The Complexity of All-switches Strategy Improvement

TL;DR

This paper proves that determining whether an edge is ever switched or used in the final strategy during all-switches strategy improvement for various types of infinite games is PSPACE-complete, highlighting the computational complexity of these algorithms.

Contribution

It establishes PSPACE-completeness results for key decision problems related to all-switches strategy improvement across multiple game types.

Findings

Edge switch problem is PSPACE-complete for parity, mean-payoff, discounted-payoff, and stochastic games.

Optimal strategy problem is PSPACE-complete for the same game classes.
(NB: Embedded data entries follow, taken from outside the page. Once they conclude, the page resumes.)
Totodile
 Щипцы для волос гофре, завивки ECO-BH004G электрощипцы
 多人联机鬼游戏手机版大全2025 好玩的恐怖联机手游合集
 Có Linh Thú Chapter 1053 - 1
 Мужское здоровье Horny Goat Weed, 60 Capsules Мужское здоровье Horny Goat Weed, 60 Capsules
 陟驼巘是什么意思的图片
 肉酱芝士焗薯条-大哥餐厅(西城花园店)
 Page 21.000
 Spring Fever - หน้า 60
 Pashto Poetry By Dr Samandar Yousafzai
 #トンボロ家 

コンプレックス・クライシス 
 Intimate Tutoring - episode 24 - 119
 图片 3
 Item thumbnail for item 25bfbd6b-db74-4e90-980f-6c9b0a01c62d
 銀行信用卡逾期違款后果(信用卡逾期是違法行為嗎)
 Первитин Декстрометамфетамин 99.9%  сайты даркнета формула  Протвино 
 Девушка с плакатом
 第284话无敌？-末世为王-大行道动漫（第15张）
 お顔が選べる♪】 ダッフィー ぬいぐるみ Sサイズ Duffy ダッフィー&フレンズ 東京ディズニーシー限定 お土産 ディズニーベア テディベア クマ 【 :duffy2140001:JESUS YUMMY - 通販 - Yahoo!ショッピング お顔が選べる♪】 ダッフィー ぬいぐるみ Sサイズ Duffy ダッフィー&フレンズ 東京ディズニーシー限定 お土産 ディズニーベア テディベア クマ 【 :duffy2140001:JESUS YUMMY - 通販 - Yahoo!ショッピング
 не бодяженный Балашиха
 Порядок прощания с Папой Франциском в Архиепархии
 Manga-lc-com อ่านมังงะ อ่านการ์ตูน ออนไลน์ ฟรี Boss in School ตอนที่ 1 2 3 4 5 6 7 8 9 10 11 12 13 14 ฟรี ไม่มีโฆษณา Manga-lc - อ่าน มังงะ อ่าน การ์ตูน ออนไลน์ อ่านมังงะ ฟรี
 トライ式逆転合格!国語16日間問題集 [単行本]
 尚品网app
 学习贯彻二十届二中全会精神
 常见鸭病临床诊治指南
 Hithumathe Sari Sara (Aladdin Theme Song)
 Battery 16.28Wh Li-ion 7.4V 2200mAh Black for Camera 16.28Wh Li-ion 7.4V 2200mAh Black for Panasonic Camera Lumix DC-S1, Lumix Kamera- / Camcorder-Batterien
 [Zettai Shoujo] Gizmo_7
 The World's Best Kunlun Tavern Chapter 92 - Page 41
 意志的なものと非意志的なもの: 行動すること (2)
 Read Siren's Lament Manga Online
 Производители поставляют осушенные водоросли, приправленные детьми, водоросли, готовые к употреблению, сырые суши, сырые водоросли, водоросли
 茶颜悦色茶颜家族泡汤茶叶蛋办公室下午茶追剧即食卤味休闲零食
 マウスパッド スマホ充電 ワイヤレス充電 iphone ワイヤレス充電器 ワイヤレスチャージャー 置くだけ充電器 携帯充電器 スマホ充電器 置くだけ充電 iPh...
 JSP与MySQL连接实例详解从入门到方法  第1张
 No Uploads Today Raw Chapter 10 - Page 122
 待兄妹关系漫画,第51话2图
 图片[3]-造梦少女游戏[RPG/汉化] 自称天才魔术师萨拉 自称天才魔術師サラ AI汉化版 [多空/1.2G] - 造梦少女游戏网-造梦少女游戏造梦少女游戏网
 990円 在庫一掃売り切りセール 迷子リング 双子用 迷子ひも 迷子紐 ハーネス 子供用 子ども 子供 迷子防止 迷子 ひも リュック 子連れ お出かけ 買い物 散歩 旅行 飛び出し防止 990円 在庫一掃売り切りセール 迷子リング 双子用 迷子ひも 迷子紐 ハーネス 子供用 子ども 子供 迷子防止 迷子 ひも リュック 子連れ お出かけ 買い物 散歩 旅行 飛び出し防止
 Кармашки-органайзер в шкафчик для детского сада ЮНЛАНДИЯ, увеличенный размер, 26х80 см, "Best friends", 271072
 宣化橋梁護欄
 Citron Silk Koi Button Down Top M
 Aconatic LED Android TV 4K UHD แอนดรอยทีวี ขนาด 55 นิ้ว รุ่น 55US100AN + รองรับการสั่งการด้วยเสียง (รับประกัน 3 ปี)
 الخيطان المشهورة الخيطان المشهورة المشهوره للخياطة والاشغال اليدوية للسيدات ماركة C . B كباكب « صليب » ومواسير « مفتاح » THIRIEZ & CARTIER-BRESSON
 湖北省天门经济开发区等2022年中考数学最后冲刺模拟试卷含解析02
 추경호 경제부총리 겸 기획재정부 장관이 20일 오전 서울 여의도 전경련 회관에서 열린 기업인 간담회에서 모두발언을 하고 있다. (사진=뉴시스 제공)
PSPACE-completeness also holds for the bottom-antipodal algorithm on acyclic orientations.

Abstract

Strategy improvement is a widely-used and well-studied class of algorithms for solving graph-based infinite games. These algorithms are parameterized by a switching rule, and one of the most natural rules is "all switches" which switches as many edges as possible in each iteration. Continuing a recent line of work, we study all-switches strategy improvement from the perspective of computational complexity. We consider two natural decision problems, both of which have as input a game $G$, a starting strategy $s$, and an edge $e$. The problems are: 1.) The edge switch problem, namely, is the edge $e$ ever switched by all-switches strategy improvement when it is started from $s$ on game $G$? 2.) The optimal strategy problem, namely, is the edge $e$ used in the final strategy that is found by strategy improvement when it is started from $s$ on game $G$? We show $\mathtt{PSPACE}$-completeness of the edge switch problem and optimal strategy problem for the following settings: Parity games with the discrete strategy improvement algorithm of V\"oge and Jurdzi\'nski; mean-payoff games with the gain-bias algorithm [14,37]; and discounted-payoff games and simple stochastic games with their standard strategy improvement algorithms. We also show $\mathtt{PSPACE}$-completeness of an analogous problem to edge switch for the bottom-antipodal algorithm for finding the sink of an Acyclic Unique Sink Orientation on a cube.